Helping Americans Understand Congress Since 2004
While GovTrack has been successful for a good chunk of its 12-year life, Joshua, and like-minded compatriots, have still been working to address the problem that encouraged him in 2004 to launch GovTrack in the first place: the availability of open data on legislation.
Though little can likely be done about the legalese and cryptic titles inherent in every bill, Joshua and his colleagues wanted Congress to essentially make GovTrack’s original purpose obsolete by making Congressional data readily accessible — and actually usable.
In mid-2016, the group finally got its wish.
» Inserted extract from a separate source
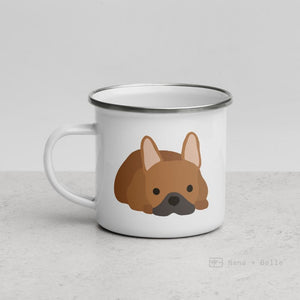 Red Fawn French Bulldog Frenchie Enamel Mug Mugs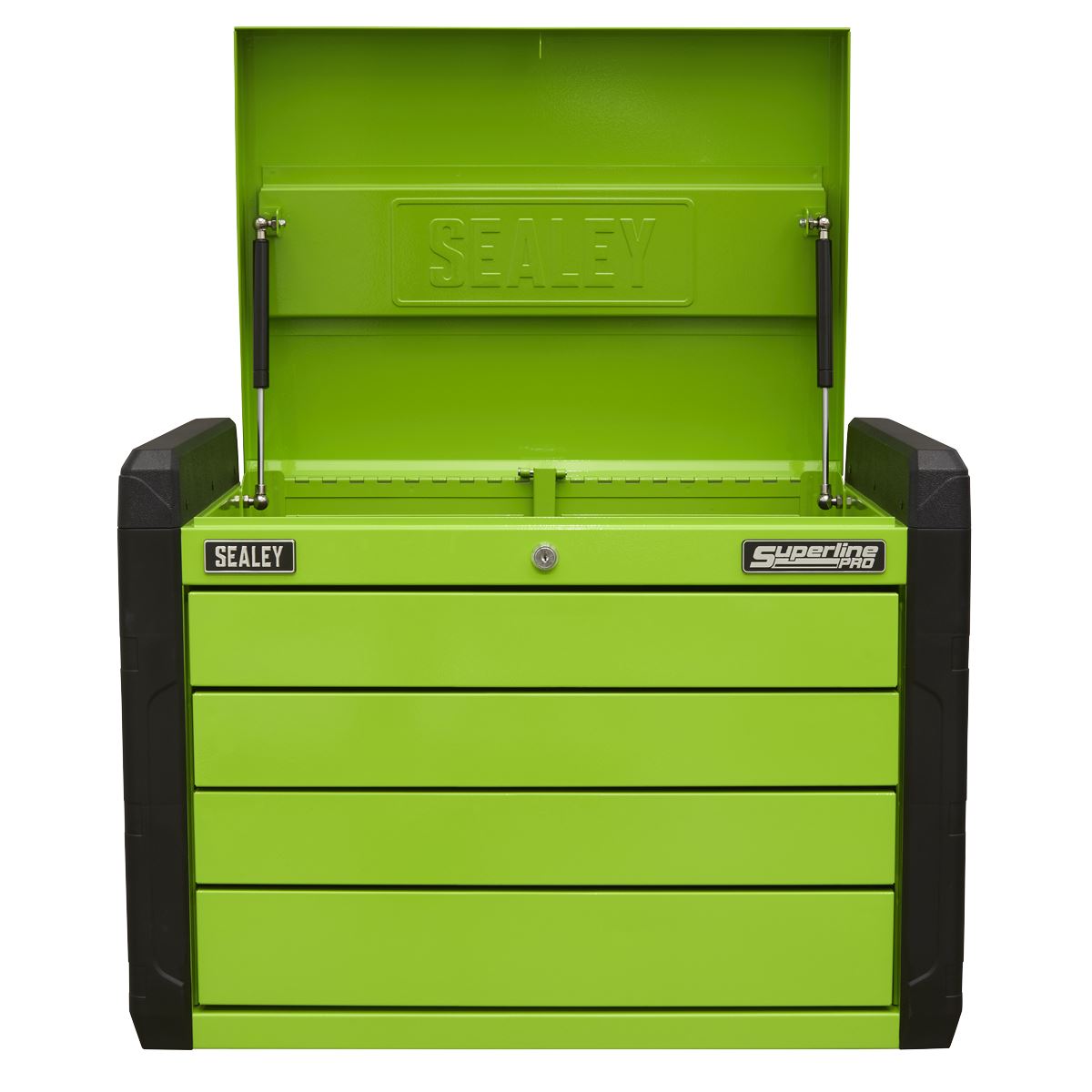 Sealey 4 Drawer Push-to-Open Topchest with Ball-Bearing Slides - Hi-Vis Green APPD4G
“Staff from the House’s Office of the Clerk, counterparts in the Senate, staff from the U.S. Government Publishing Office and the Library of Congress worked together,” Joshua explained in an article on GovTrack, “in a remarkable cross-agency collaboration, to publicly publish comprehensive information on the status of legislation pending before Congress.”
Today, any user can hop onto Congress.gov and easily find the raw information powering sites like GovTrack. Even the method by which GovTrack gets its own information has changed, as the new site brought about THOMAS.gov’s retirement while making it much simpler to access the bulk data in other ways.
All that said, GovTrack is still the best place to access much of the information — as well as the necessary legalese translations — in a usable, engaging format. In fact, for more than 10 million users a year, GovTrack is the best resource for keeping track of Congress.